> [TASK REQUIREMENTS]:
Transcribe the listing below from its opening line up to and including the line that contains "Кафе масичка, регенерирано"; reproduce nothing else.
----- DATA FOR THE TASK
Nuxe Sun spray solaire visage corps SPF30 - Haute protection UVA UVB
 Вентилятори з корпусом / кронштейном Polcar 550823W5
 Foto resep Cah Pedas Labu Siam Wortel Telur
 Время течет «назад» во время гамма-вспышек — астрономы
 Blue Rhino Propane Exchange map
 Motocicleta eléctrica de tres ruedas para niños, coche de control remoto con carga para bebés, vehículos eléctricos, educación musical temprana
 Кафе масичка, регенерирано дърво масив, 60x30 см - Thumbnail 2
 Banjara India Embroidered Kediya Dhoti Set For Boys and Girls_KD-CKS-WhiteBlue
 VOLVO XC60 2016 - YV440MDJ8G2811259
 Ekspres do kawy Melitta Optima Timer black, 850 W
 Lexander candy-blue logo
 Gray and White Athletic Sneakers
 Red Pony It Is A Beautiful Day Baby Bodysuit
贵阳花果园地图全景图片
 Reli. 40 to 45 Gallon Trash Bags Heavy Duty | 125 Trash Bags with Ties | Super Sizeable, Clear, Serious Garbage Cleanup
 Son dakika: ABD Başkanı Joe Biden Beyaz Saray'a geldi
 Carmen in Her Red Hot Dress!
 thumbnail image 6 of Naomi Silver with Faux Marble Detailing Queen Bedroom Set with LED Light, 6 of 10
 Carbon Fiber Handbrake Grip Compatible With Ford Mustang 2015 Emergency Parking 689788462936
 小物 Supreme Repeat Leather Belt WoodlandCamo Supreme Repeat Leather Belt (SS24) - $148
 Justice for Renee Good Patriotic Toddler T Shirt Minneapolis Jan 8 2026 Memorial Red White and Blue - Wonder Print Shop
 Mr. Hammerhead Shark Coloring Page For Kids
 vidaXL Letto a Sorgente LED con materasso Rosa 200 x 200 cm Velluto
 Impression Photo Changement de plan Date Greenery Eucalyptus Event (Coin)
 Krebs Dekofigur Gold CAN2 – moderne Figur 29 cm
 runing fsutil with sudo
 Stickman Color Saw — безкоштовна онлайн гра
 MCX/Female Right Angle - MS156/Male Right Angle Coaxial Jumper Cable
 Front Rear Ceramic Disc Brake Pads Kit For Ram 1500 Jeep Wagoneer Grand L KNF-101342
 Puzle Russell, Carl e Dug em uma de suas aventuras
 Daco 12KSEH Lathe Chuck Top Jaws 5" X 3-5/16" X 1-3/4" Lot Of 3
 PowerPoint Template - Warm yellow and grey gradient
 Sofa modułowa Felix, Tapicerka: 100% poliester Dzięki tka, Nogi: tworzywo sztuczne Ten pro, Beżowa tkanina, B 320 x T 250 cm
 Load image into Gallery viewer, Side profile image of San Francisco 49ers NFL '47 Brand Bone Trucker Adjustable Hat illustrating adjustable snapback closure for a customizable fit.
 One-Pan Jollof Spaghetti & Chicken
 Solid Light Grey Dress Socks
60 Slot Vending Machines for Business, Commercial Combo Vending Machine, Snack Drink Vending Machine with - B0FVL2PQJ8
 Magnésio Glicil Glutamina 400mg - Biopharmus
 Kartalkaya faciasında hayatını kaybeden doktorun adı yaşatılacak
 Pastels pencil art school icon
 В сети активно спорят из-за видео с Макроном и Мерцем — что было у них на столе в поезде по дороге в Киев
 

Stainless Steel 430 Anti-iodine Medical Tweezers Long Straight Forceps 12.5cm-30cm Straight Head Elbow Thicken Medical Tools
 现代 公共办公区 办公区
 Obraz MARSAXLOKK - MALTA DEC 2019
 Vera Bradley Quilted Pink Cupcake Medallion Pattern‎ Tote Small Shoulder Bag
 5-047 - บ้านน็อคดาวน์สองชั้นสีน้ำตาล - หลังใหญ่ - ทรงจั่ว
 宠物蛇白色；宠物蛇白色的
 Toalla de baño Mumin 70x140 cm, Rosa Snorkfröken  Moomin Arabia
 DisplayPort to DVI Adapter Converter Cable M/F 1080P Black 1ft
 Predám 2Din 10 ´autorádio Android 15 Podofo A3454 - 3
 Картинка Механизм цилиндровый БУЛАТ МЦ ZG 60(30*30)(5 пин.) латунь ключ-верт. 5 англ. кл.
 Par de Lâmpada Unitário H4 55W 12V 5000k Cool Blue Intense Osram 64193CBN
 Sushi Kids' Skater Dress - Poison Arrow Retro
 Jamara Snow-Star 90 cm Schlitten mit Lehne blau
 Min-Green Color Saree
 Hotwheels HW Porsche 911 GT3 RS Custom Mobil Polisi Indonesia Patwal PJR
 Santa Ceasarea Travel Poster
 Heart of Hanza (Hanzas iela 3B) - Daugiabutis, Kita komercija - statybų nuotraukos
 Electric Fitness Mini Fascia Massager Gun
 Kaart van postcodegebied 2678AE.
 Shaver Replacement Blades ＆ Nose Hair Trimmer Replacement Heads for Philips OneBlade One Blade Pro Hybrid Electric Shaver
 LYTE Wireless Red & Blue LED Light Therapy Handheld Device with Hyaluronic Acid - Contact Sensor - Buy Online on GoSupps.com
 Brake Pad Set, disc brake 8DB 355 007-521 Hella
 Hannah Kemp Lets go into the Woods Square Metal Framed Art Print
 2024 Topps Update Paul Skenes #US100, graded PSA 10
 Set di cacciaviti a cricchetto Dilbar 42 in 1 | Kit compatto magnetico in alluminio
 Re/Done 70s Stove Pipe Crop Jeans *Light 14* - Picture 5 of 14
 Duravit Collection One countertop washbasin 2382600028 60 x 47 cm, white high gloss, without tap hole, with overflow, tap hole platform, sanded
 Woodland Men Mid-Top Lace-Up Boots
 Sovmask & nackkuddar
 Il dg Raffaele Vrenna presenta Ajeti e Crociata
----------
> [SOLUTION FOR THIS EXERCISE]:
Nuxe Sun spray solaire visage corps SPF30 - Haute protection UVA UVB
 Вентилятори з корпусом / кронштейном Polcar 550823W5
 Foto resep Cah Pedas Labu Siam Wortel Telur
 Время течет «назад» во время гамма-вспышек — астрономы
 Blue Rhino Propane Exchange map
 Motocicleta eléctrica de tres ruedas para niños, coche de control remoto con carga para bebés, vehículos eléctricos, educación musical temprana
 Кафе масичка, регенерирано дърво масив, 60x30 см - Thumbnail 2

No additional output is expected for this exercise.